The specific tasks our group were given were to improve the performance of the robot's decision making when analyzing post-joke laughter, and to introduce new functionality that could analyze mid-joke laughter as well. To do this we used a dataset of recordings from previous comedy performances that the robot had given, split them into shorter clips that only contained the mid-joke and post-joke audio respectively, and extracted certain audio features such as pitch and intensity from each recording. We then designed a classifier to perform machine learning on the data, using human ratings of the audio clips to identify what values from the audio features indicate laughter at a successful joke or muted reaction from a failed one.
We created two classifiers, one for analyzing the post-joke audio and one for the mid-joke audio, with the goal that when used together the robot's final prediction of whether a specific joke was a success or not, based on its analysis of the audience's reaction, would be as accurate as a human rater tends to be when rating the jokes.

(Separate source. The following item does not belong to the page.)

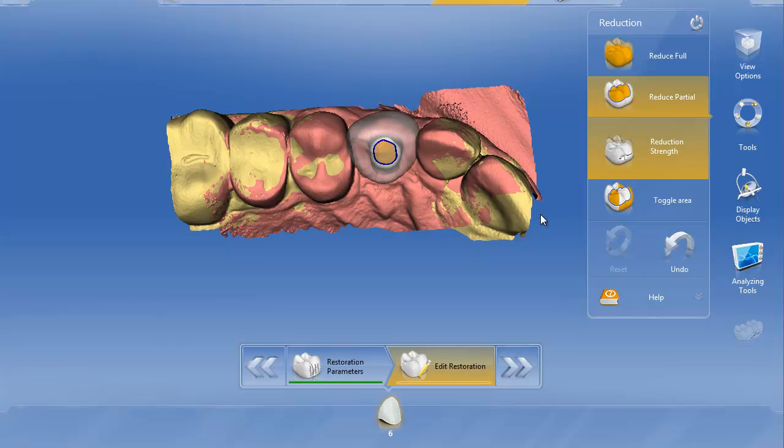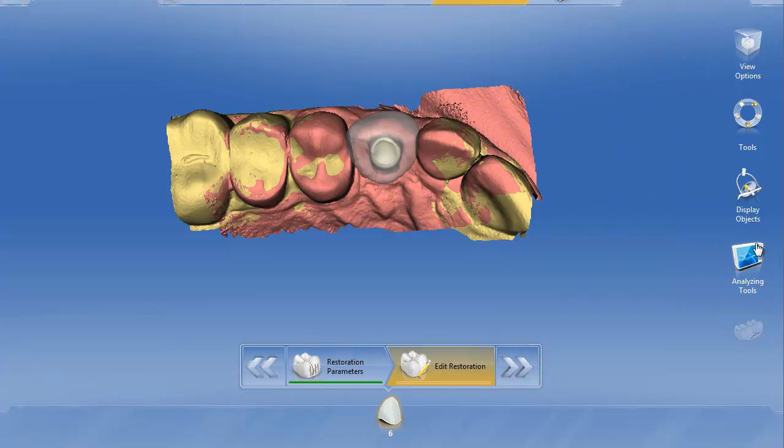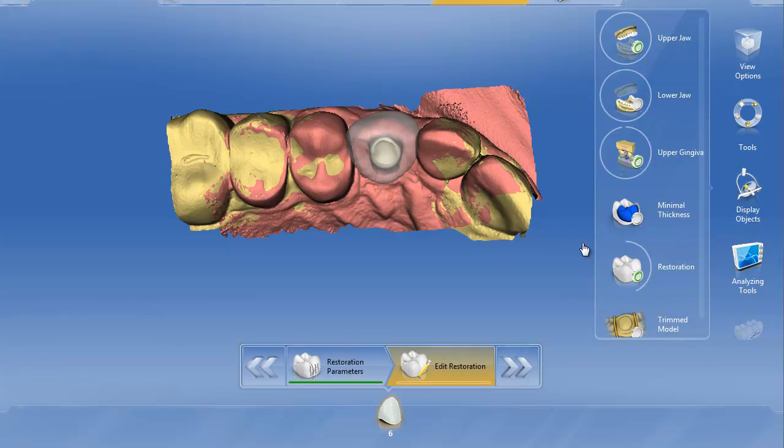Once we do that, we can go to reduction strength and turn that all the way up to 1.5, as high as it goes. We'll get out of the reduction tool, go back into display options, and turn our restoration off transparent.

The post-joke classifier uses the same three point scale originally described (strong laugher from the audience, minimal or no laughter, or something in between) while the mid-joke classifier uses a simpler two class rating (laughter present or no laughter) and doesn't attempt to rate the quality of the laughter. This is because when analyzing the mid-joke audio there is the added challenge of ignoring the sound of the robot telling the joke, so it is better to simply detect whether laughter of any amount occurred or not rather than attempt to further classify it.